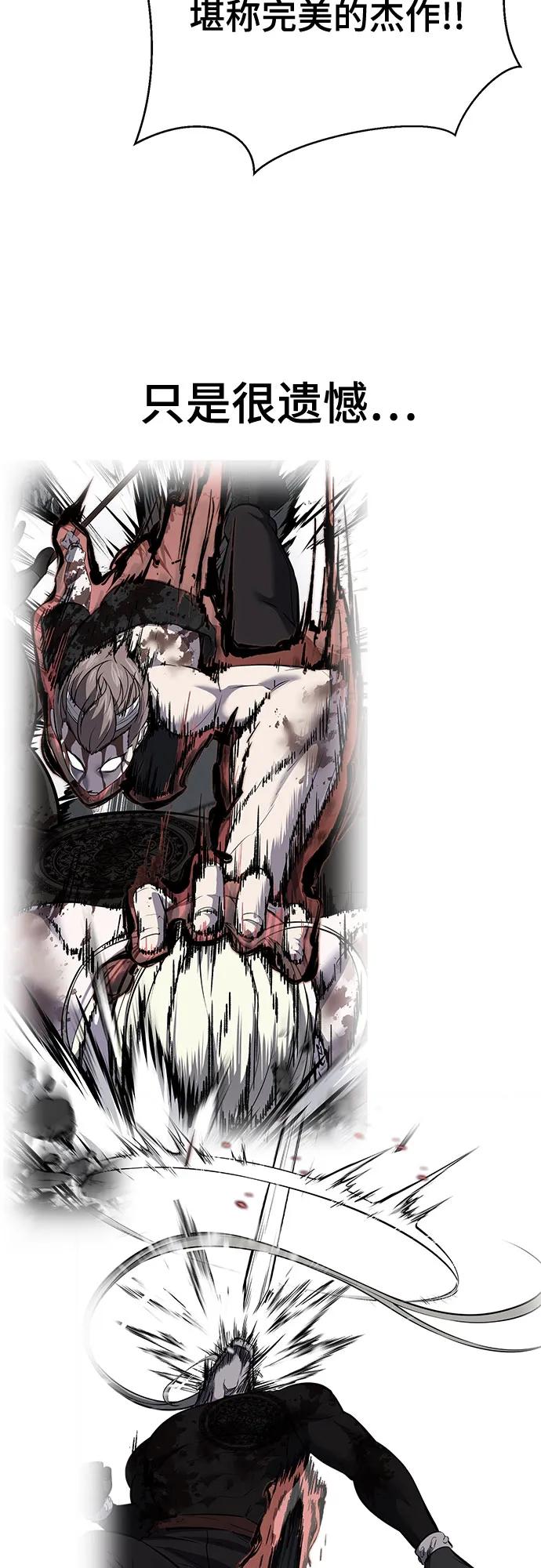 死神少年 - [第2部] 第114话 进入刃最终章 - 第114张图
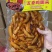 凌妹网红鸡翅500克450克麻辣味五香味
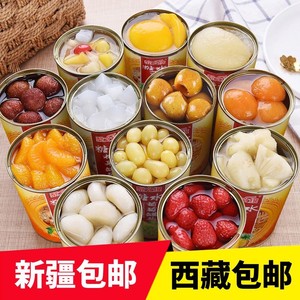 新疆西藏包邮黄桃罐头整箱12罐混合装多口味新鲜水果罐头砀山特产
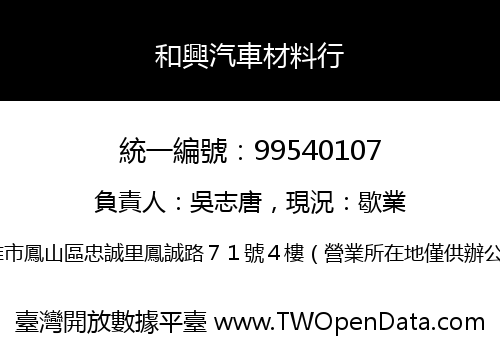 和興汽車材料行
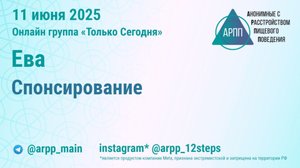 Спонсирование. Ева. АРПП Только Сегодня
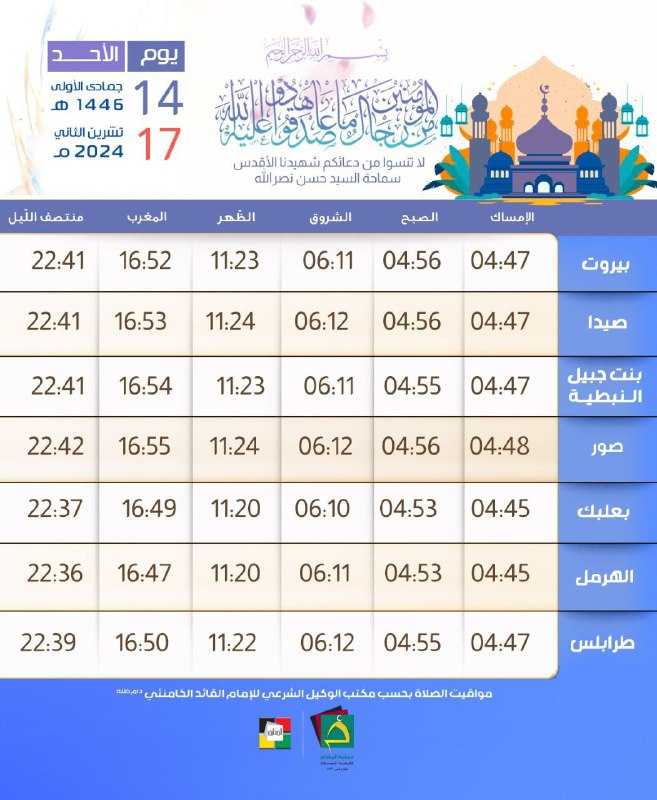 قناة نورالولاية للثقافة الدينية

What you need to do:
Repeat all entries exactly, pictures excluded.

Solution:
 死神少年 - [第2部] 第114话 进入刃最终章 - 第114张图
 凌妹网红鸡翅500克450克麻辣味五香味
 新疆西藏包邮黄桃罐头整箱12罐混合装多口味新鲜水果罐头砀山特产
 和興汽車材料行
 Спонсирование. Ева. АРПП Только Сегодня
 قناة نورالولاية للثقافة الدينية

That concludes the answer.